The Shanghai Composite Index has gained about 5 percent since late September, just as other major stock markets have ceded recent gains, leading to some hope that the fortunes of China's battered stock market may finally be turning.
China's stock market remains the worst performing major Asian equity market this year, but the rally this week means its fall of about 3.5 percent in the year to date no longer looks so bad — Japan's Topix index, broad measure of the Japanese stock market, is down about 1.6 percent this year.
"The trend is picking up, " said Chen Jiahe, an analyst at Cinda Securities in Beijing, adding that based on a technical analysis of the Shanghai Composite's 20-day moving average over the past 20 years, there is further room for gains.
"When the trend is up and valuations are cheap, don't try to predict when it will end, " Chen said.
The Shanghai Composite is trading at a historically low valuation of about 10 times earnings.
According to some analysts, China's stock rally can be explained by a massive cash injection into money markets by the central bank, with the extra liquidity spilling over into equity markets.
"Now that money market rates have gone down, it is easier to hold assets, " said Dariusz Kowalczyk, senior economist at Credit Agricole in Hong Kong. "The move in the stock markets is primarily a result of improved liquidity conditions."
China's central bank used a financial instrument called the reverse-repurchase agreement, which is like a short-term loan, to inject $42.14 billion, or 265 billion yuan, into the money market earlier this week.
The injection of liquidity was the second biggest ever and designed to lower the borrowing costs of firms grappling with slow growth.

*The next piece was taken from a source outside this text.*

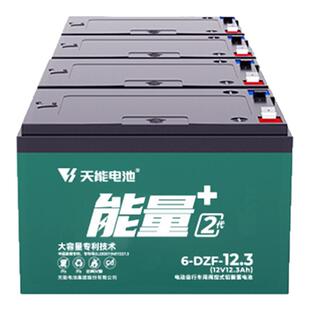 天能电池能量+2代系列12ah21ah铅酸蓄电池二轮三轮车石墨烯技术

"Chinese equity markets and the economy are driven very much by liquidity. The liquidity and stock performance cycles over the past 15 years are identical, " said Chen.
Reason for Skepticism
Jackson Wong, vice president at Tanrich Securities, said that talk of further stimulus measures to boost China's slowing economy ahead of the Nov. 8 Communist party congress have helped fuel the stock market rally, which is likely to run out of steam.
"Despite the rumors here or there, we haven't seen anything concrete yet, " Wong said.
There has been some disappointment in financial markets with Beijing's reluctance to deliver measures, whether in terms of monetary policy or a fiscal boost, to underpin the economy.
This week has seen some small stimulus steps unveiled. Chinese high-speed rail plays received a boost, for instance, after the Ministry of Railways this week revised upward its planned investment for the sector by $3.2 billion. It was the third such increase this year.
Central Huijin, an arm of China's sovereign wealth fund China Investment Corp., meanwhile said this week it would continue to shore up the capital market by buying stakes of four-major state-owned lenders.
Watch That Data
Analysts said the raft of economic data slated for release in the week ahead could now decide whether Chinese shares fall back or add to this week's gains.
September trade numbers are released Saturday, while consumer and producer price numbers, third-quarter gross domestic product , industrial output, retail sales, and fixed–asset investment figures are all due during the week.
Jackson Wong said he would keep a close eye on the consumer and producer inflation data.
"The delicate balance between these two numbers will test officials in how they can roll out pro-growth policies, " he said, adding the fixed-asset investment data could be a test of how bullish investors are about the health of the Chinese economy.